'Drifting' dinghy defies Gulf Stream

Author:
Publish date:

Loose Cannon has been on hiatus this fall, but I feel compelled to break the silence with the strange tale of Larry Sutterfield.

Watch the video, and you will see footage from a Coast Guard aircraft as it flies over Cay Sal Bank, a part of the Bahamas that is closer to Cuba than anywhere else. The crew of the C-130 Hercules saw Sutterfield emerge from a makeshift tent on the beach, frantically waving his arms.


The aircrew dropped a handheld VHF radio, food and water to Sutterfield. I saw this done during a different rescue, and their accuracy was remarkable. You can see it on the video. The crew then diverted the cutter Kathleen Moore to the scene and Sutterfield was taken to Key West, suffering from nothing more than sunburn.

The news stories all said Sutterfield, 39, had lost power to his inflatable while on a camping trip originating around Boot Key in the Florida Keys. The stories said the Illinois native drifted for five days before ending up at Cay Sal, where he spent the night before being rescued.

For us boat types, news coverage of such events is often frustrating because the reporters don’t always know what questions to ask.

First they should have considered the geography. Cay Sal lies more than 70 nautical miles southeast of Boot Key and the city of Marathon. As soon as the dinghy “drifted” outside Hawk Channel, the effects of the Gulf Stream would have propelled the boat in a northeasterly direction at anywhere from 2 to 3.5 knots. In five days Sutterfield would have been off Jacksonville, not on the beach at Cay Sal.

As you can see from this chart, Sutterfield’s dinghy would have had to drift on a path athwart the powerful current of the Gulf Stream. Even without a loss of propulsion, the range of a small outboard was nowhere near the 72 miles it needed to travel from Marathon to Cay Sal Bank, even if it were powerful enough to buck the Stream.

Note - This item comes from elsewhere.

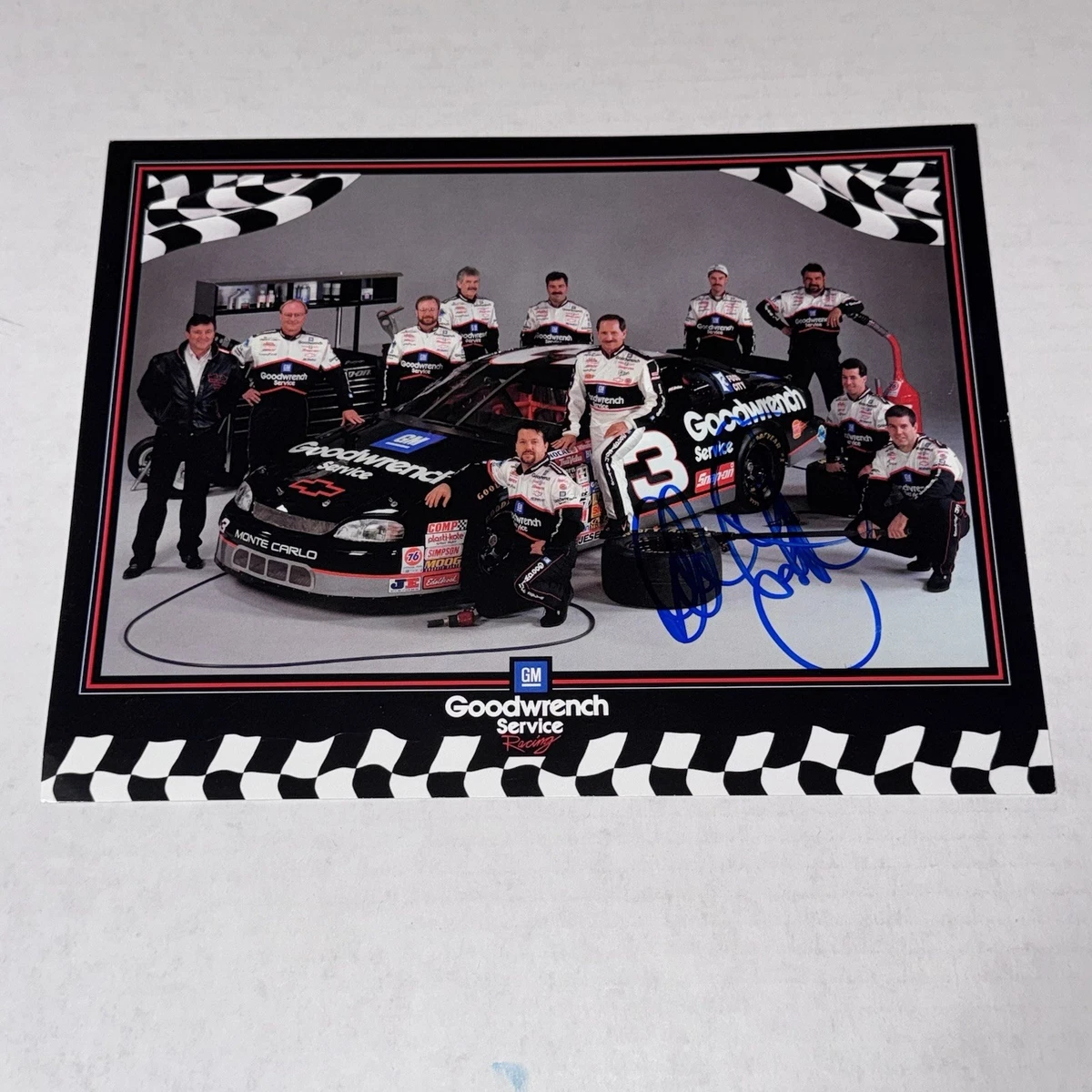 Dale Earnhardt NASCAR Original Autographed Photos for sale | eBay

As you can see from this chart, Sutterfield’s dinghy would have had to drift on a path athwart the powerful current of the Gulf Stream. Even without a loss of propulsion, the range of a small outboard was nowhere near the 72 miles it needed to travel from Marathon to Cay Sal Bank, even if it were powerful enough to buck the Stream.

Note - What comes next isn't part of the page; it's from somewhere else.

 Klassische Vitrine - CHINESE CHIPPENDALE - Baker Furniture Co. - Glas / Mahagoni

Cay Sal has long been a haunt of drug smugglers, smugglers of Cuban migrants and poachers. American sport anglers are required to clear into the Bahamas at Bimini 100 miles away before they can legally fish Cay Sal. The Coast Guard constantly patrols this desolate atoll, looking for mischief.

That’s not to say Larry Sutterfield was up to no good, but his story about how he arrived is akin to saying that he had defied gravity and flown there. There is something missing from the narrative.

"We make inquiries into anyone rescued or seen in that area regarding the possibility they were fishing illegally or involved in any other illegal activity," Key West Coast Guard spokesman Lt. Peter Bermont told the Key West Citizen newspaper. "But to be clear, this was a search-and-rescue mission from the start to help a person in distress."